For self-hosting, use Ollama for prototyping and vLLM for production. Don't try to write your own inference server.

Decision matrix by task

This is the lookup table we actually use:

Task Pick Notes
Classification (under ~20 classes) gpt-5-nano Always with a Zod enum.
Field extraction from text gpt-5-nano Schema does the heavy lifting.
Summarization (under 2k tokens in) gpt-5-nano Cap output length in the schema.
Long-form generation (blog posts, emails) gpt-5-mini Nano's prose gets repetitive past a few paragraphs.
Code generation inside an app claude-sonnet-4.6 or gpt-5 Cost is real. Cache the output if you can.
Code generation as a developer Claude Code, Cursor Use the agent, not your own API call.
Image understanding gpt-5 (low effort) or claude-sonnet-4.6 Gemini Flash if cost matters more than nuance.
Real-time chat UX Groq Llama or gpt-5-nano with streaming Streaming is mandatory under 1s perceived latency.
Embedding for semantic search text-embedding-3-small Cheap, fine for most.
Re-ranking search results gpt-5-nano One call with a list-of-IDs schema.

The router pattern

Once you have more than a couple of distinct AI tasks, you'll be tempted to start sprinkling model names around the codebase. Don't. Make a tiny router call instead:

const Route = z.object({
  task: z.enum(["classify", "extract", "draft", "code", "vision"]),
  difficulty: z.enum(["trivial", "normal", "hard"]),
});

const route = await classify(userInput, Route); // a gpt-5-nano call

const model =
  route.task === "code" || route.difficulty === "hard"
    ? "gpt-5"
    : route.task === "draft"
    ? "gpt-5-mini"
    : "gpt-5-nano";

A nano router call adds maybe 200ms and a fraction of a cent.
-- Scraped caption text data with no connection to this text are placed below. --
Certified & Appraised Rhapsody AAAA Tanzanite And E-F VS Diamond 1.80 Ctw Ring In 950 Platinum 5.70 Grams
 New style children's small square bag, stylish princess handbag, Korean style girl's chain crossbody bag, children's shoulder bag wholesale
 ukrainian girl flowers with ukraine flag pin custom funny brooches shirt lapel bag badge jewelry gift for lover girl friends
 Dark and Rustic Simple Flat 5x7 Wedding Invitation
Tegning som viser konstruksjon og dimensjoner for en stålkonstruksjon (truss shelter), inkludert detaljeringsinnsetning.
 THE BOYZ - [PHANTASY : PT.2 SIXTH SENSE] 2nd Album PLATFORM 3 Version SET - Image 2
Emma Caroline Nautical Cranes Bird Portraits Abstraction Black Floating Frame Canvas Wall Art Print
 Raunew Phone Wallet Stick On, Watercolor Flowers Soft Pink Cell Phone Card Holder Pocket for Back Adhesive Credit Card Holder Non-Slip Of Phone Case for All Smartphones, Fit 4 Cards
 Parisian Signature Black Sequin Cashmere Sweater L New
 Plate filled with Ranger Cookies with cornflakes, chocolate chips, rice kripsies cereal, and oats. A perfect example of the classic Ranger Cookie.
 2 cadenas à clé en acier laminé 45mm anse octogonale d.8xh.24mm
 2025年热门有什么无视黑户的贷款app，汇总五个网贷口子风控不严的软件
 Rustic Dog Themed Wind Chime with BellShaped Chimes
It saves you from paying gpt-5 prices on a one-line classification, and it gives you a single place to retune model choices when prices change (and they do change — the gpt-5 family dropped twice in 2025).

Anti-patterns

A short list of the mistakes we see most often:

  • Defaulting to the biggest model. "I'll start with gpt-5 and downgrade later" almost never gets downgraded. Start at nano and prove you need more.
  • Free-form text outputs. If you're parsing the response with a regex, you've already lost. Use a schema.
  • Sending PII to OpenAI without redaction. OpenAI's enterprise terms cover a lot, but even then, redact what you don't strictly need. Email, phone, address — strip them at the edge unless the prompt actually requires them.
  • Reasoning effort 'high' on user-facing paths. The latency is brutal. Reserve high effort for background jobs.
  • Re-doing the same call on every request. Cache by content hash. Even a 10-minute in-memory cache cuts spend on hot paths.
  • No max_output_tokens. A runaway response can cost $0.50 by itself. Set a ceiling.

Our recommendation

Default everything to gpt-5-nano with reasoning_effort: 'minimal' and a Zod schema. Centralize calls in a single lib/ai.ts helper that takes a schema and a system/user pair, returns the parsed object, and logs cost. When you need more, escalate the model on a per-call basis from inside that helper — never from the call site.

If you're building something that does a lot of code generation inside the product (not for the developer, for the end user), Claude Sonnet 4.6 is the second model you should add to the helper.

If you're cost-sensitive enough that nano still feels expensive at scale, look at Groq Llama for the highest-volume path. Below that you're squeezing pennies.